One has to wonder if this due to the global memory shortage. ("Oh - changing our memory allocator to be more efficient will yield $XXM dollar savings over the next year").

Facebook had talks already years ago (10+) - nobody was allowed to share real numbers, but several facebook employed where allowed to share that the company has measured savings from optimizations. Reading between the lines, a 0.1% efficiency improvement to some parts of Facebook would save them $100,000 a month (again real numbers were never publicly shared so there is a range - it can't be less than $20,000), and so they had teams of people whose job it was to find those improvements.

Most of the savings seemed to come from HVAC costs, followed by buying less computers and in turn less data centers. I'm sure these days saving memory is also a big deal but it doesn't seem to have been then.

The above was already the case 10 years ago, so LLMs are at most another factor added on.
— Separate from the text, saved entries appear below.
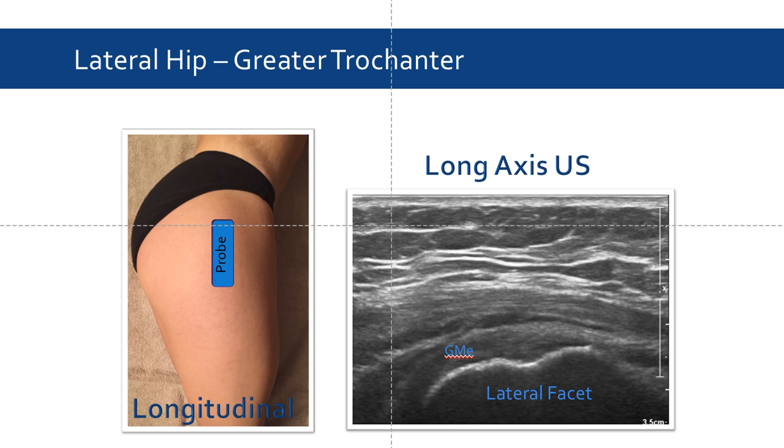With that in mind, we can move away from the transverse probe position at the anterior and move the probe superiorly and laterally, rotating the indicator dot towards the head. This will give us a view of the greater trochanter. In this view, we can appreciate the lateral facet, as well as the tendinous gluteus medius insertion.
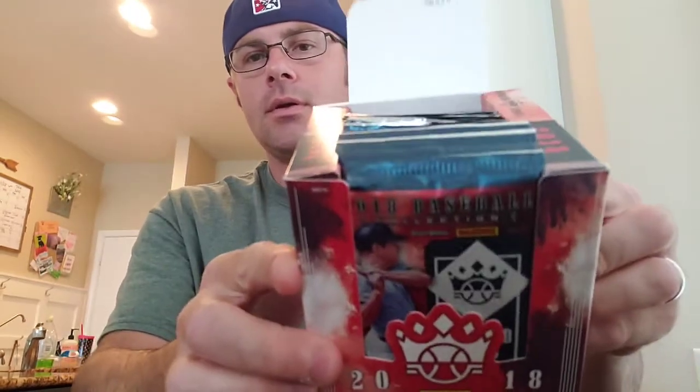This is 2018 Diamond Kings. I opened this for Christmas one year when it came out — in 2018 when it came out — and I love it. I love all Diamond Kings products. It's a fun little break. It should have two autographs or memorabilia on average. And there's going to be longer videos; I'm going to take my time. I don't bust a lot of wax, so I like to enjoy it.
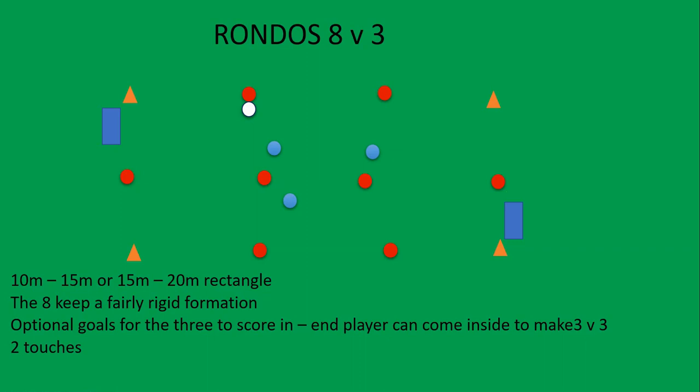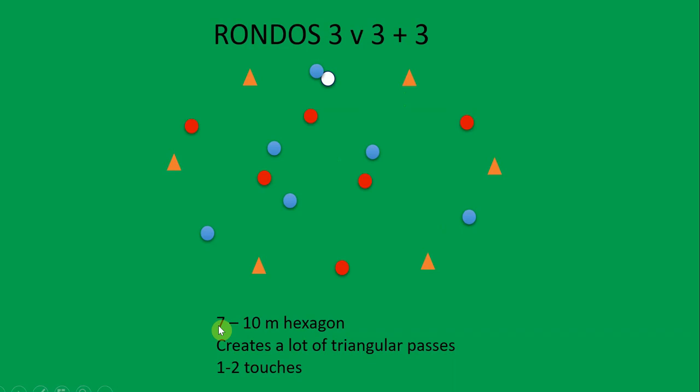Instead of a rectangular area, why not make it a hexagon? This is a 3v3 plus 3 — basically a 3v3 in the middle, or you could look at it as a 6v6. The blues keep the ball and the reds keep the ball. What I like about the hexagon shape is that a hexagon is made up of six triangles, so it really encourages lots of triangular passes that we want to create in a game. One touch, two touch, or a mandatory two touch is my personal favourite. The smaller the area, the harder it will be for your players.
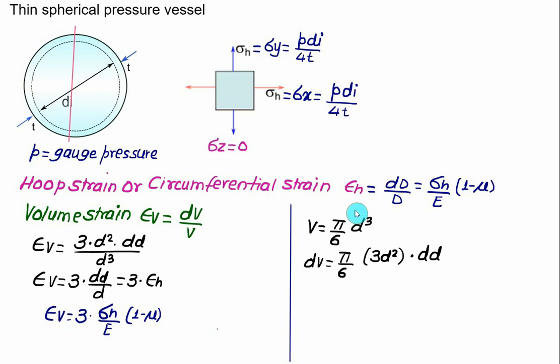In summary: one formula to remember is hoop stress σh = P × di / (4t). Stress along x and y directions are the same, so εx = εy = εh. Stress along the third direction is zero. Using generalized Hooke's law, circumferential strain εh = (σh / E)(1 − μ) = Δd/d. Volumetric strain is 3 times the hoop strain: εv = 3σh(1 − μ)/E.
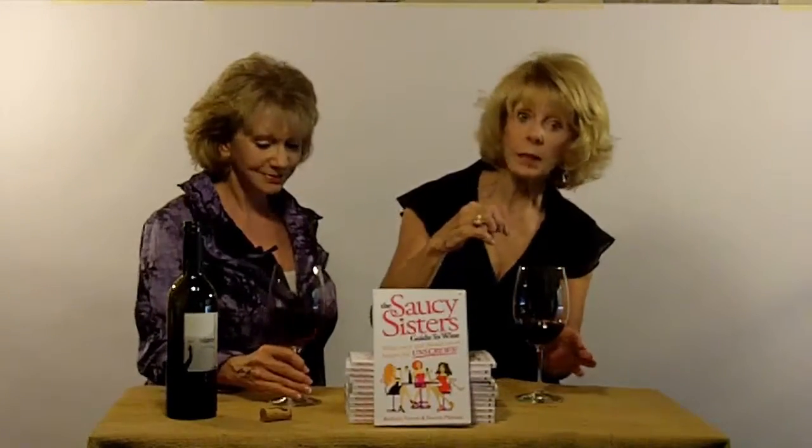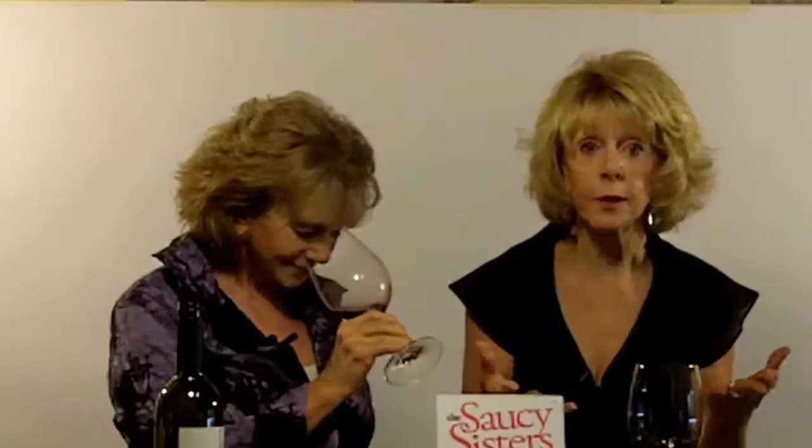The whole reason you swirl in the first place is to release the aromas to the very top of the glass. Because what that does is set you up for the next part, and that is what my sister is doing, sticking her nose way into the glass so you can inhale and enjoy all of those beautiful aromas.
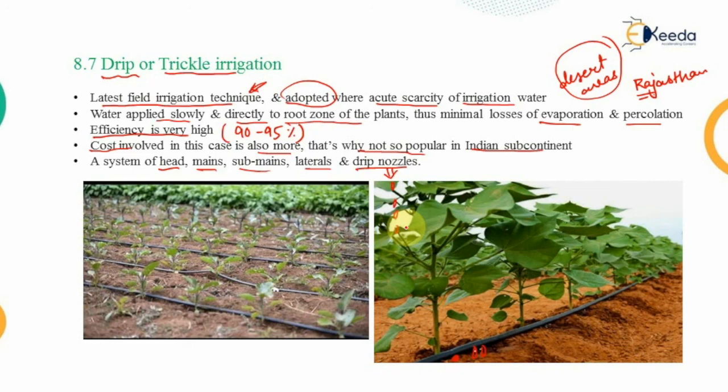That completes the entire methods of irrigation. In the next video we will look at the planning of irrigation and the Bandara irrigation technique. Thank you.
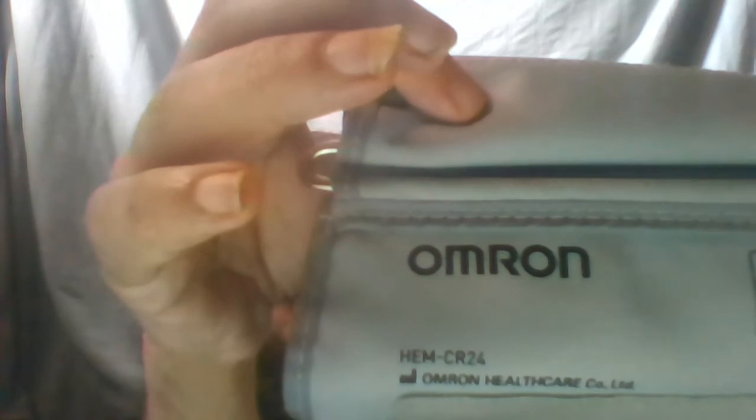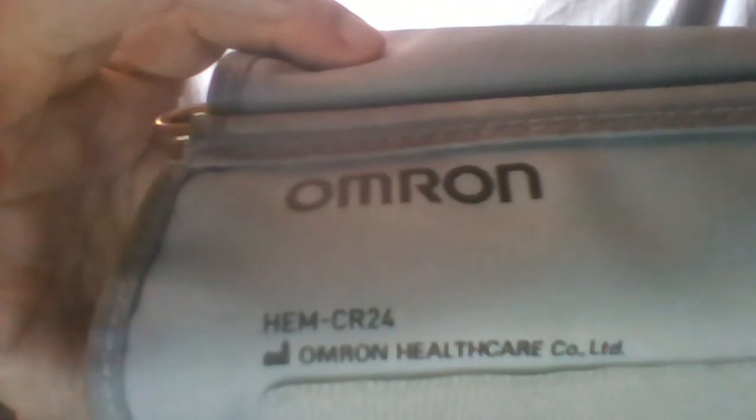On the back it's got some batteries — the batteries were provided by the government as well. I pay for absolutely none of this. After a while you can press this and it'll go off. I'm now taking this off my arm since it's loosened itself. It's got Omron Healthcare Co. Limited on it — so this is the blood pressure monitor. Right guys, thanks for watching, bye.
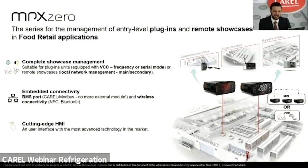The MPX0 can be thought of as the natural evolution of the IR33 platform with up-to-date features specifically designed for food retail applications. Its main characteristics include embedded connectivity with a BMS port for direct connection to supervisory systems, a field bus port that can be dedicated to managing local networks (main and secondary) or the management of a variable capacity compressor, and wireless connectivity. The product is completed by cutting-edge HMI with a flat frame and capacitive touch screen.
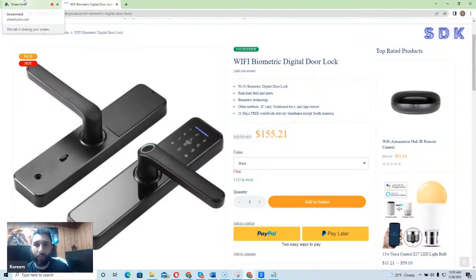And that's it for the Wi-Fi Biometric Digital Door Lock. If you enjoyed this video, smash that like button, go ahead and hit that subscribe button, and hit that notification bell to know when we post more videos. If you have any questions or comments, let me know in the comments section below. Thank you for watching Smart Device King. I'll see you in the next video.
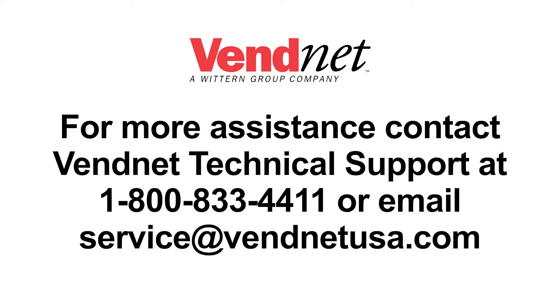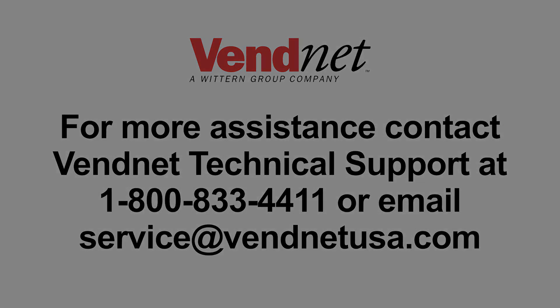For more assistance, contact Vennet technical support at 1-800-833-4411, or email service at VennetUSA.com.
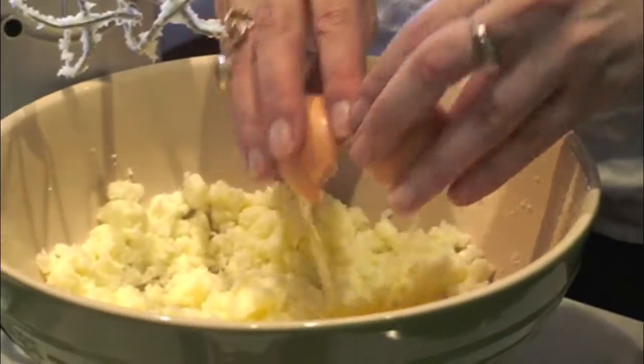Cream your butter, your sugar, and your egg. Add your vanilla and lemon zest, and then your dry ingredients. Then you finish it off with adding your almonds and your blueberries.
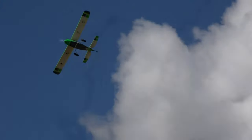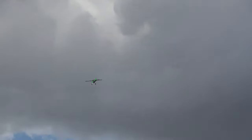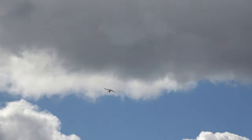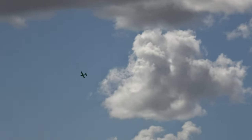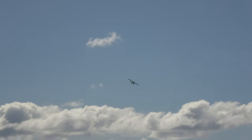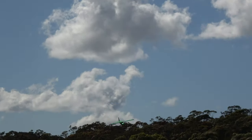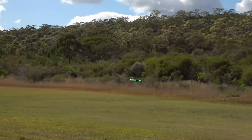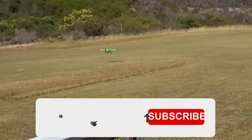Do you want to go up there? Alright, I'll come in for a landing for the day.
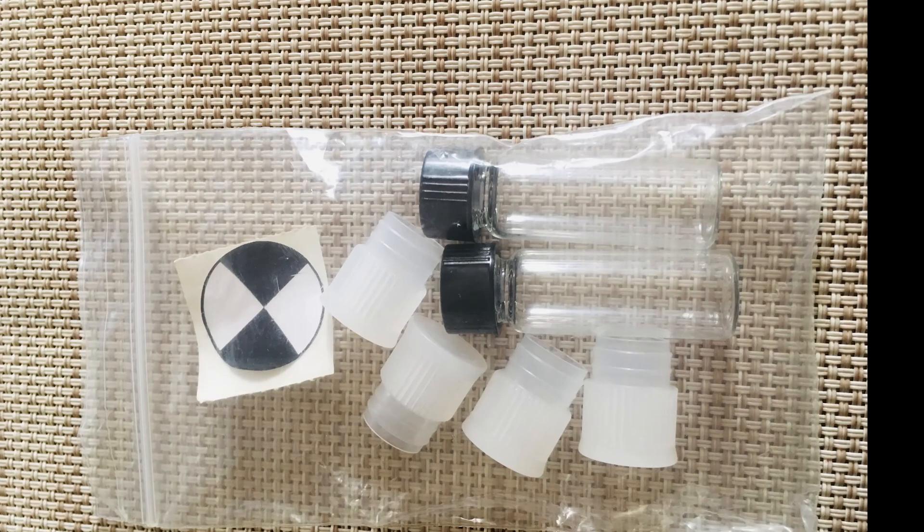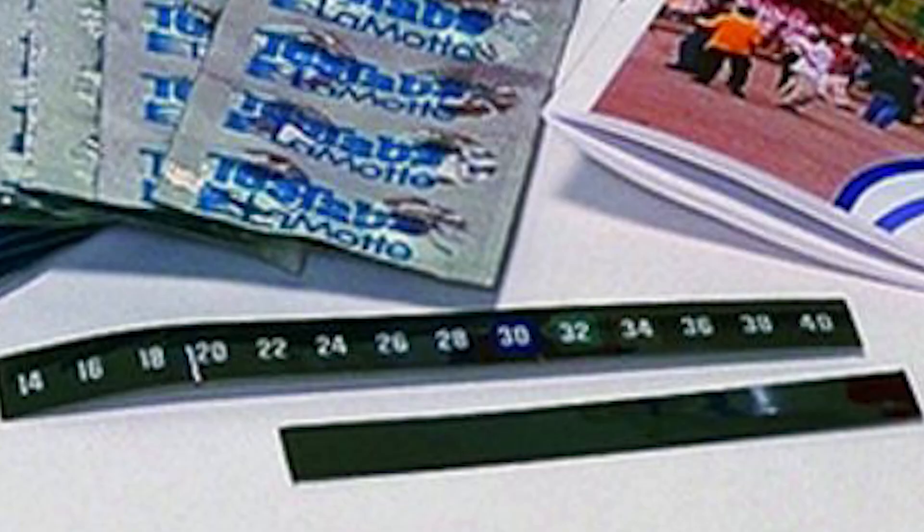In here you have the test tube and cap that are used to conduct the biochemical oxygen demand and dissolved oxygen tests. You can also find in this kit your thermometers.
I've worked on optimizing systems in that ballpark range, memory is worth saving but it isn't necessarily 1:1 with increasing revenue like CPU is. For CPU we have tables to calculate the infra cost savings (we're not really going to free up the server, more like the system is self balancing so it can run harder with the freed CPU), but for memory as long as we can load in whatever we want to (rec systems or ai models) we're in the clear so the marginal headroom isn't as important. It's more of a side thing that people optimizing CPU also get wins in by chance because the skillsets are similar.

I don't have many regrets about having spent my career in (relatively) tiny companies by comparison, but it sure does sound fun to be on the other side for this kind of thing - the scale where micro-optimizations have macro impact.

In startups I've put more effort into squeezing blood from a stone for far less change; even if the change was proportionally more significant to the business. Sometimes it would be neat to say "something I did saved $X million dollars or saved Y kWh of energy" or whatever.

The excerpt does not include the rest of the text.